Only rereading it have I noticed the Heraclitean flavor of the incipit of the passage by Kondepudi and Prigogine. But after all, Heraclitus gave us the first formulation of the arrow of time in his own way, while the Eleatics considered time illusory. And not only. If we are indebted to a rooster to Asclepius and entropy to Carnot (https://ilchimicoscettico.blogspot.com/2022/11/entropia-in-uk-e-imparare-ad-essere.html), to Heraclitus we also owe the λόγος. Yet what did he write in his time?

Most people do not understand the very things they encounter, nor do they know them, even though they have received instruction about them, although it seems to them that they do.

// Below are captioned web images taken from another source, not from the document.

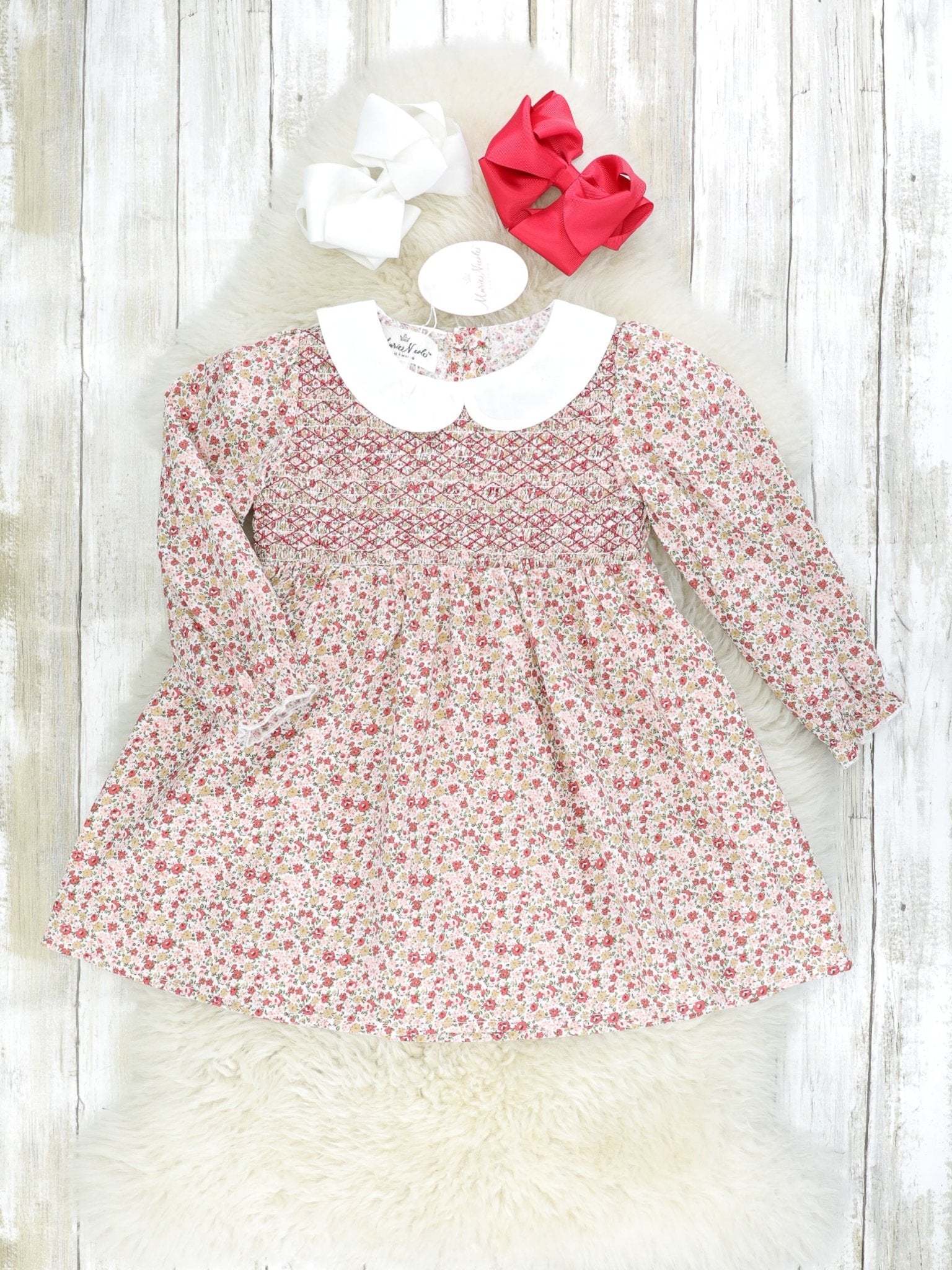 Dainty Neutral Floral Vintage Dress - Marie Nicole Clothing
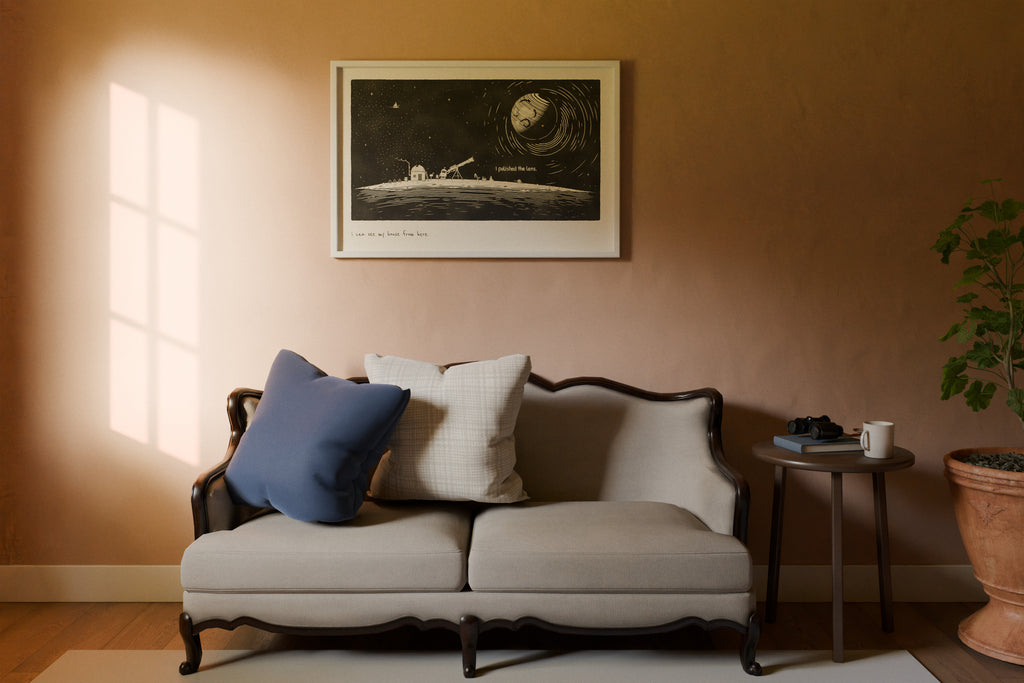 Astronomy poster in 24x36 with a robot and observatory, in a living room at golden hour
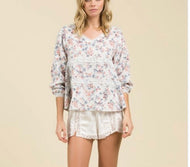 White Floral Blouse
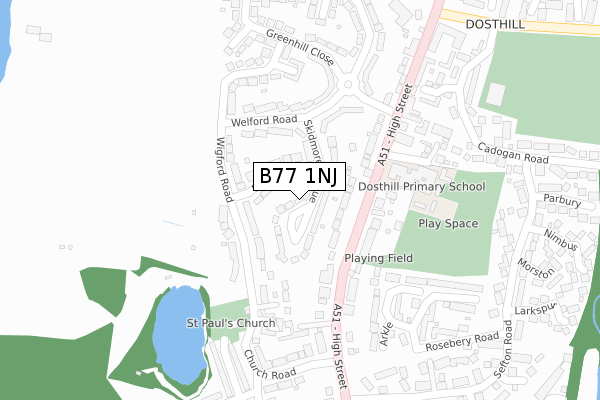 B77 1NJ map - large scale - OS Open Zoomstack (Ordnance Survey)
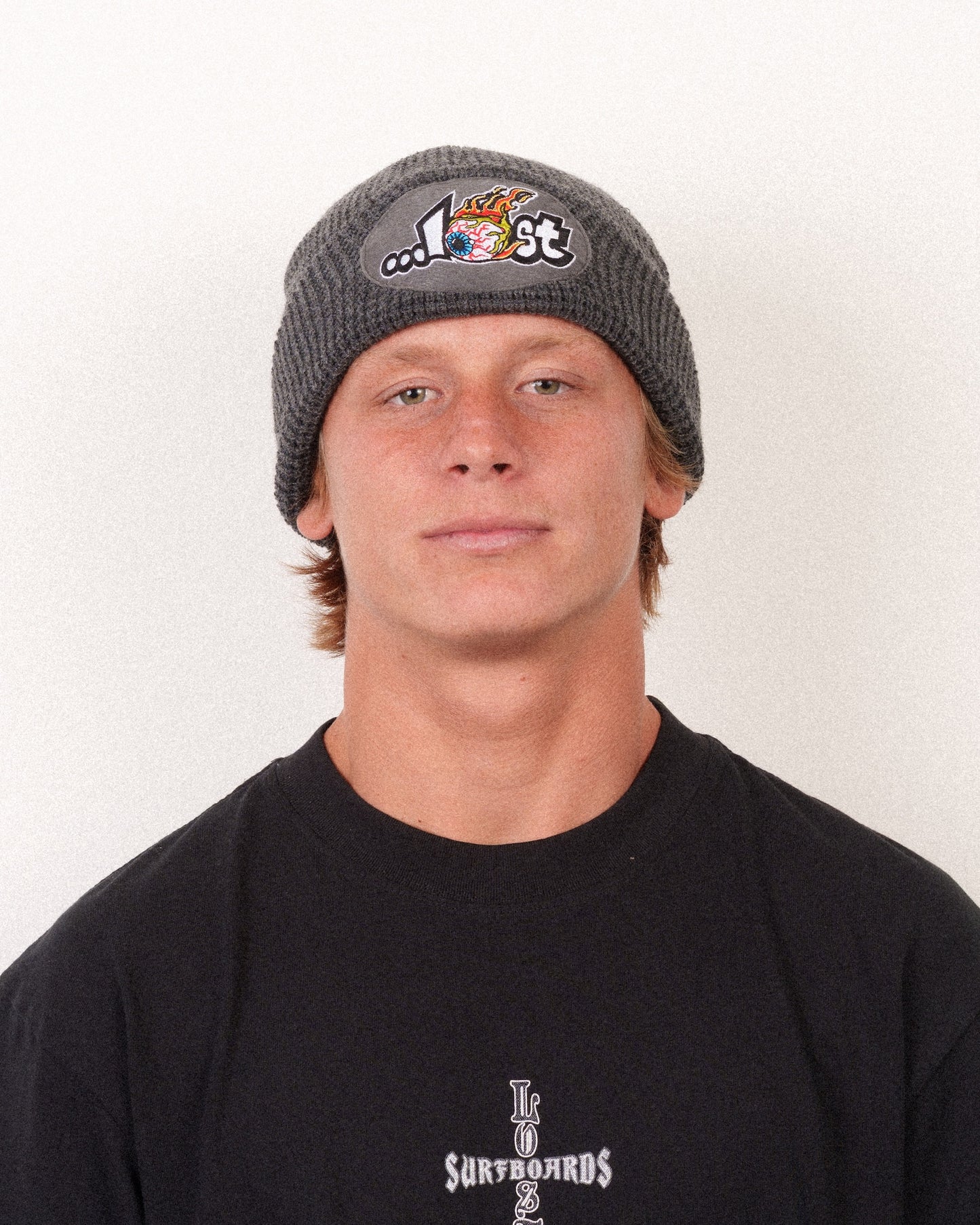 Flamin Eyeball Beanie Charcoal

It is good to report one of the notes by F. Fronterotta, editor of this edition of the Fragments:

The verb φρονέυω means in general "to reflect," "to reason" or even "to think," but in this case it seems to allude rather to a process of understanding or awareness, which most people cannot put into action, directed at objects and phenomena of ordinary and daily experience, presumably precisely those that they would have the capacity to understand if, as indicated by fragment 1 [1 DK; 1 Marc.], they paid attention to listening and to the teaching of "reasoning," which precisely reveals "everything according to its nature and saying how it is"

No, it is not possible to immerse oneself twice in the same river, yet for 2,500 years people continue to forget this simple evidence. This Heraclitean fragment, like others, comes from the Stromata of Clement of Alexandria and this provenance is nothing but the umpteenth sign of the intellectual strength of the Alexandrian fathers, who had to clash with dualist sects more or less Christianizing. These sects preached the ontological inferiority of a good part of human beings compared to the πνευµατικοi, the spiritual ones (https://ilchimicoscettico.blogspot.com/2021/01/divagazioni-antiche-tardo-antiche-etc.html). Which, when you think about it, mutatis mutandis, is one of the most widespread ideologies in this century: the instances aimed at depriving non-conformists of constitutional rights we have seen well and the infinite invective against functional or returning illiterates by those who "read" or "have an education". But in the Heraclitean fragment there is no talk of reading or studying: φρονέυω, precisely, which is quite another thing.